(C) Artefactual labeling due to uptake by fibers of passage
After pressure applications in fiber bundles such as the lateral vestibulo-spinal
and olivo-cerebellar tracts, the medial lemniscus and medial longitudinal
fasciculus, we observed CTb immunostaining of fibers belonging to these
tracts not only in the anterograde direction up to the terminals but also
in the retrograde direction all the way to their retrogradely labeled
parent cell bodies. For example, following pressure injections in the
olivocerebellar tract, axons were immunostained on their way back to their
retrogradely labeled parent cell bodies in the contralateral inferior
olivary complex but also as far as their terminals in the cerebellum.
These findings clearly demonstrate that CTb is taken up, and anterogradely
but also retrogradely transported by fibers of passage. However, many
points suggest that this uptake occurred only in damaged fibers of passage.

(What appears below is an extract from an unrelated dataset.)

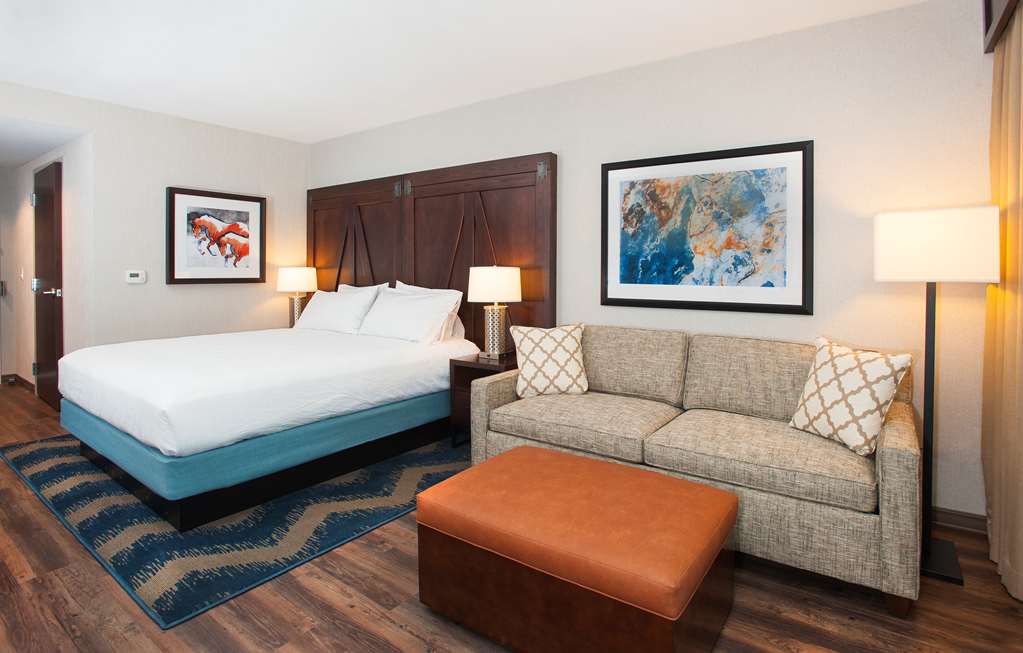 Фото Hilton Garden Inn Burbank Los Angeles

Indeed, after CTb pressure injections centered on the lateral vestibulospinal
tract with its destruction by the needle of the Hamilton Syringe, we detected
a number of retrogradely labeled cells in the Deiters nucleus as well
as immunostained fibers in the tract rostral and caudal to the injection
site. In contrast, when the site involved the tract but without mechanical
injury to it, no labeled cells were observed in the Deiters nucleus nor
any labeled fibers in the tract. Furthermore, in contrast with pressure
injections, 2- uA iontophoretic applications with 20-um micropipettes
centered on the olivocerebellar tract gave rise only to occasional retrogradely
labeled neurons in the contralateral olivary complex and no or only a
few labeled fibers in the tract. Taken together, these results indicate
that CTb is taken up and transported by damaged but not by intact fibers
of passage, a drawback nearly eliminated by iontophoretic applications.

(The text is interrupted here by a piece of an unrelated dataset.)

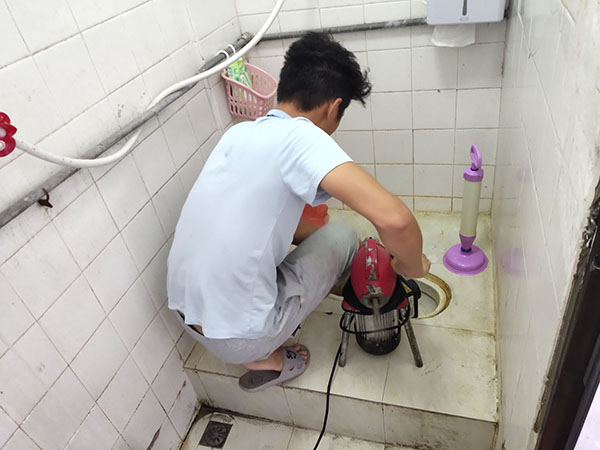 新北管道堵塞冒臭气 专业师傅现场解决问题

Importantly, in contrast to the specific anterograde labeling (see below),
the artefactual labeling of lesioned fibers was observed for long pathways
even after the shortest survival (24 h), suggesting that CTb is transported
in lesioned axons by a fast axonal transport mechanism. For example, after
CTb injections in the fasciculus longitudinalis medialis at the level
of the raphe dorsalis and 24-72 h of survival, we detected anterogradely
labeled lesioned fibers 13 mm caudally in the inferior olivary complex.